Monday, December 3, 2012

ICMA Conference in Phoenix/Maricopa County


I spent several days in October at the InternationalCity/County Management Association’s annual conference in Phoenix, Arizona. I attended as part of the local government management concentration here at SPEA. Looking at the session schedule ahead of time, I was excited to see that there were several sessions addressing sustainability in local government. Perfect!

After I got there and started attending sessions, however, I realized that environmental concerns were almost completely missing from sessions addressing sustainability. In individual conversations, city managers affirmed the necessity of planning for sustainability in its fullest form, and several presenters made brief mentions of initiatives going on in their cities. The ICMA has a Center for Sustainable Communities and devoted its June issue of Public Management wholly to sustainability. However, fiscal sustainability was on the mind much more than environmental or social sustainability, to my disappointment.

There were a few interesting “sustainable communities nuggets” that I brought home from Phoenix, though.

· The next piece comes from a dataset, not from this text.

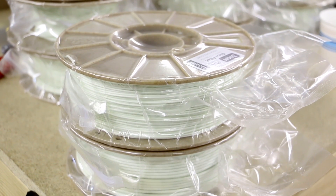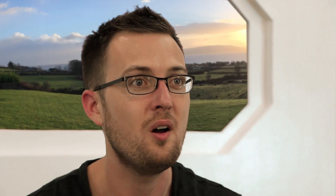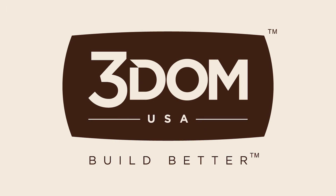Our glass-filled PLA filament comes perfectly spooled on the 100% bio-based eco-spool and is vacuum-sealed to keep moisture out. It's all part of our dedication to high-quality, practical, and sustainable 3D printing materials. Glass-filled PLA by 3DMUSA — the newest filament to help you build better.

  • I toured Civic Space Park near the Arizona State University campus in downtown Phoenix. Billed as "sustainable adaptive reuse," the site includes a historic structure that was renovated and now provides community meeting space and displays community art. Solar panels and public transit connectivity are other major sustainable features of the park, although it is perhaps best known for the public art piece that looks like a giant net in the daytime but is pretty cool when lit at night.
http://ifwtwa.org/2011/06/ifwtwagreater-phoenix-media-tour.html
  • In one of the most interesting conference sessions, the city of Mesa, AZ discussed the crowd-sourcing tool iMesa they recently deployed to enhance public input and engagement. This is an excellent example of integrating available technology to enhance the social sustainability of a community. Citizens can submit ideas online, vote for projects they support, and even channel funding to implement certain ideas. A pdf of the presentation is available here, courtesy of ICMA. The most noteworthy thing to me about the tool is the ability to reach a much larger segment of the population and to give people a more powerful voice in the shapes of their communities. 
http://www.mesaaz.gov/imesa/
  • Finally, I took advantage of my trip to Phoenix and spent the evening with some distant cousins who live on a small farm in suburban Phoenix. Most of you probably know that Phoenix is in the middle of the desert, presenting irrigation challenges. I was interested to learn that my cousin's property is part of Phoenix's flood irrigation system, by which some residents receive irrigation water from a canal along the back border of their property. As I understand it, a resident can call the utility company and schedule the canal water to be turned on at a certain time and date. They close the sluice gate at one end of the canal that runs along their property, causing the water to back up in the canal and flood the entire lawn. I haven't researched this method in-depth, but it strikes me that if you must irrigate in the desert, this is perhaps one of the more sustainable ways to do it--canal water is non-potable, and evaporation rates are lower than if sprinklers were used. Interesting concept!
All in all, I left Phoenix having learned a lot but saddened that environmental issues, sustainability (broadly defined), and climate change (Climate Action Plans, GHG inventories,...) were not a bigger part of the discussion at the conference. One potentially skewing factor is that the majority of the communities represented at the conference are small to mid-size, and may not yet have the resources or political focus for Offices of Sustainability like we see in larger cities. Regardless, we have a long way to go before these topics are integrated into the mainstream discussions of local governments. Good thing so many of us are so passionate about this sort of thing!